LinkedIn shares dropped 44 percent on Friday, wiping out nearly $11 billion of market value, as investors balked at a disappointing revenue forecast.
Traders in Twitter and Pandora options are pricing post-earnings share moves that are more volatile than normal for the companies. The companies report results on Wednesday and Thursday respectively.
“The release of LinkedIn earnings on Friday raised concerns about several social media companies,” said Scott Fullman, chief strategist at Revere Securities LLC. Fullman cited the correlation between these stocks, which has increased since November, as one reason why LinkedIn’s woes may have Twitter and Pandora investors worried.
The cost of a straddle in Twitter’s options, a strategy in which a trader buys an at-the-money put option and a similar call option, implies a move of about 18 percent in either direction by Friday. Over the last eight quarters, the average one-day move after reporting is 13 percent.
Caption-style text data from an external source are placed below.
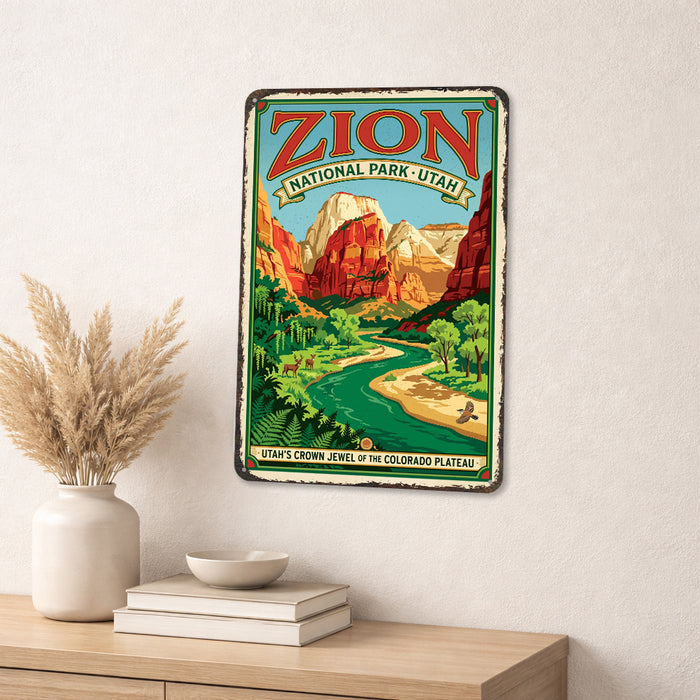 Zion National Park Utah metal sign with vintage weathered-tin travel poster illustration — Zion National Park Utah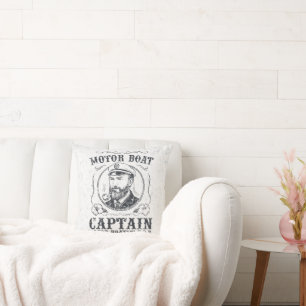 Motor Boat Captain Funny Pontoon Boating Throw Pillow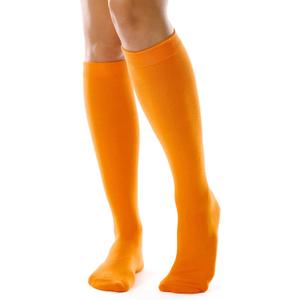 FITRELL Women's Knee High Socks Athletic Socks Stripe Tube Outdoor Sport Socks 1 Pack, Orange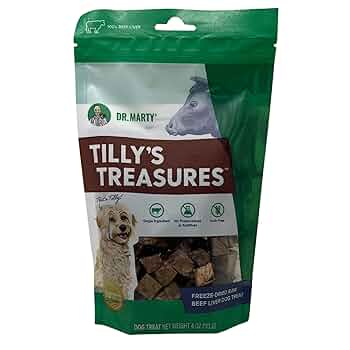 Dr. Marty Tilly's Treasures Freeze Dried Beef Liver Dog Treats - 4 oz Raw, Single Ingredient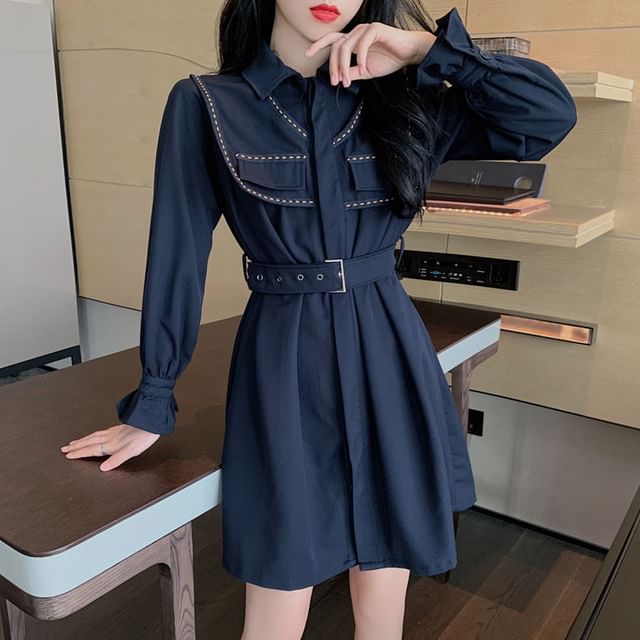 ISSOL-Long Sleeve Collared Contrast Trim Panel Belted Mini A-Line Shirt Dress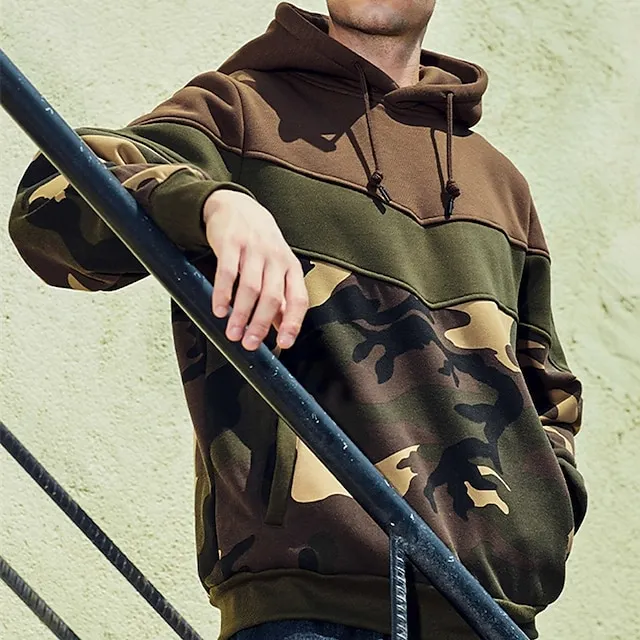 Men's Hoodie Army Patchwork Pocket Sports Fall Clothing 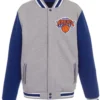 NY Knicks Grey And Royal Varsity Jacket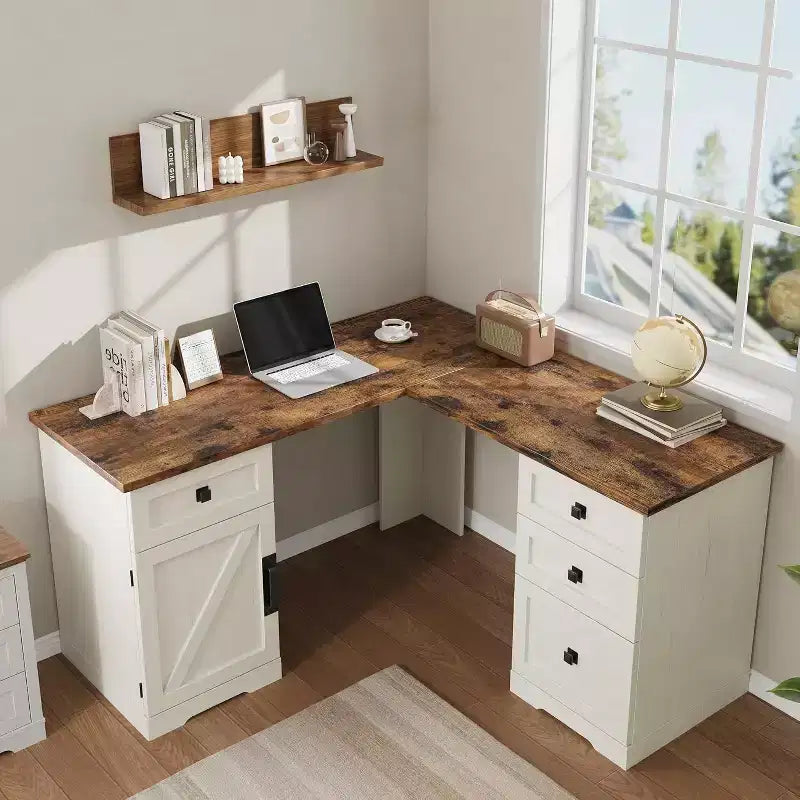 Bureau d'angle de direction en forme de L style ferme avec tiroirs de classement et meuble de rangement réglable, pour bureau à domicile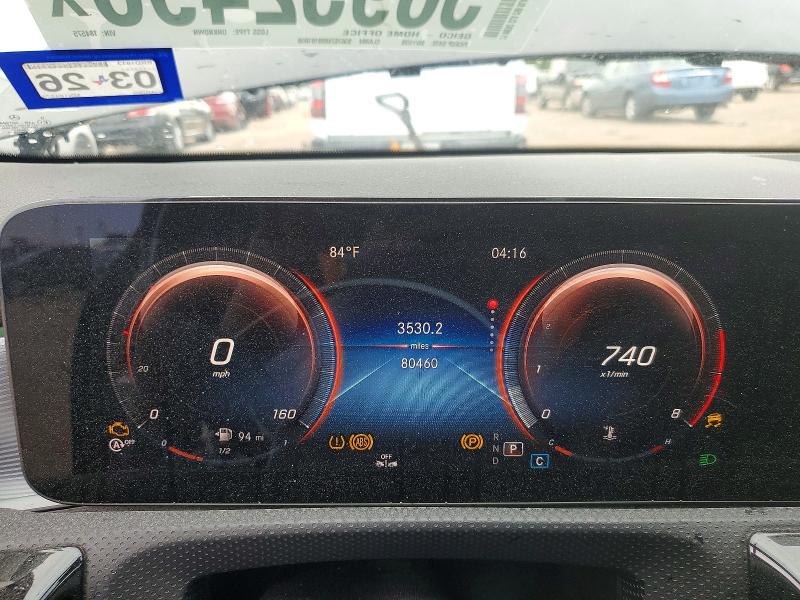 2021 Mercedes-benz Cla-klasse VIN W1K5J4GB3MN184575 COPART salvage auction — FRONT END, Tx - Salvage Vehicle Title, sold $7,100 on 2026-09-22 (photo 9)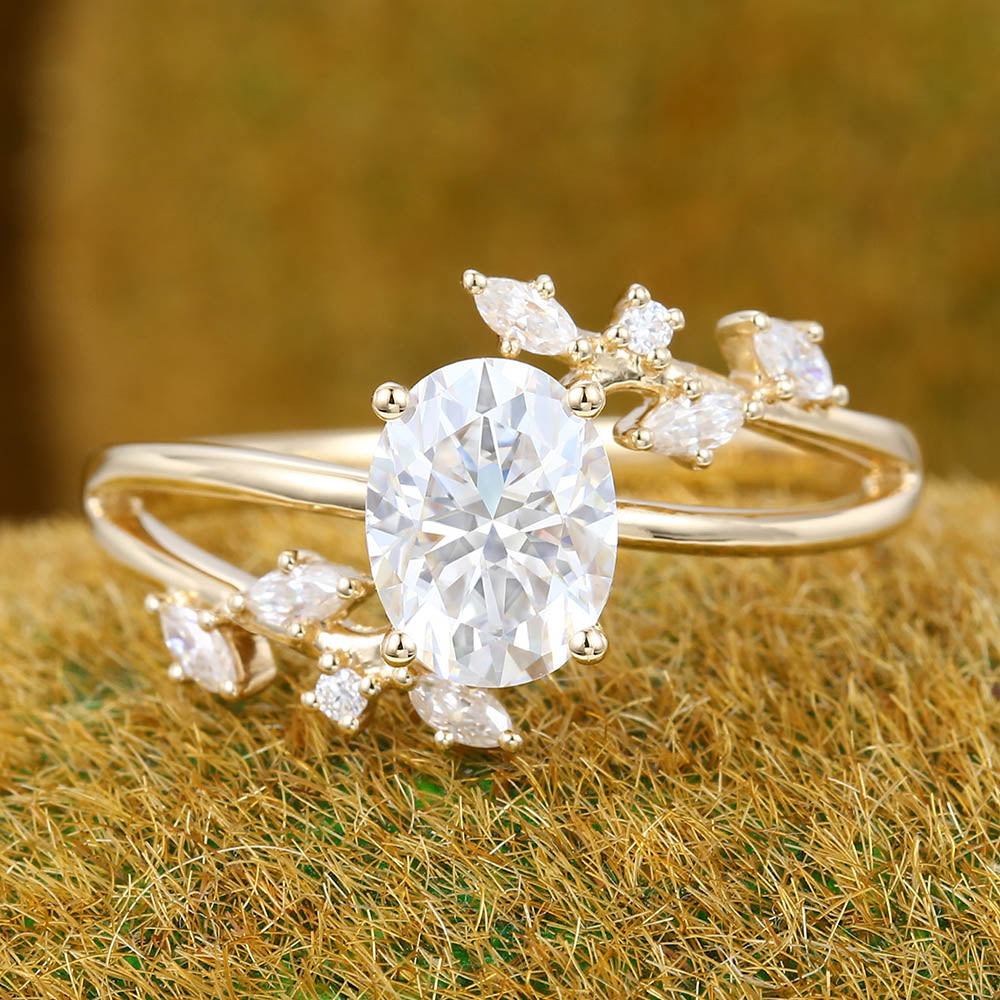 Oval Moissanite engagement ring Vintage Yellow gold engagement ring Marquise cut Diamond Cluster ring Wedding Promise Anniversary gift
The implied move for Pandora is 18 percent compared with an average move of 15 percent over the last eight quarters.
“The experience of LinkedIn means those long these names into earnings should be managing risk,” MKM Partners derivatives strategist Jim Strugger said in a note on Monday.
The sense of caution is not restricted to these two names.
Technology shares with lofty valuations have taken a beating over the last two sessions as volatility has picked up. The S&P 500 Information Technology Index is down 4.4 percent since Thursday.
Traders in the options market have responded by loading up on protective put options on the tech heavy PowerShares QQQ Trust ETF Series 1, which represents the Nasdaq 100.
On Monday 1 million QQQ puts traded, about twice the average daily trading volume, according to options analytics trading firm Trade Alert.
With options expensive due to the high expectations of a large near-term move in the shares, Strugger suggested March options collars as a means to hedge long stock positions.
A protective collar is an options strategy in which a trader sells a call option and buys a put option with the same expiration in a bid to protect a long position in the shares in a relatively inexpensive way.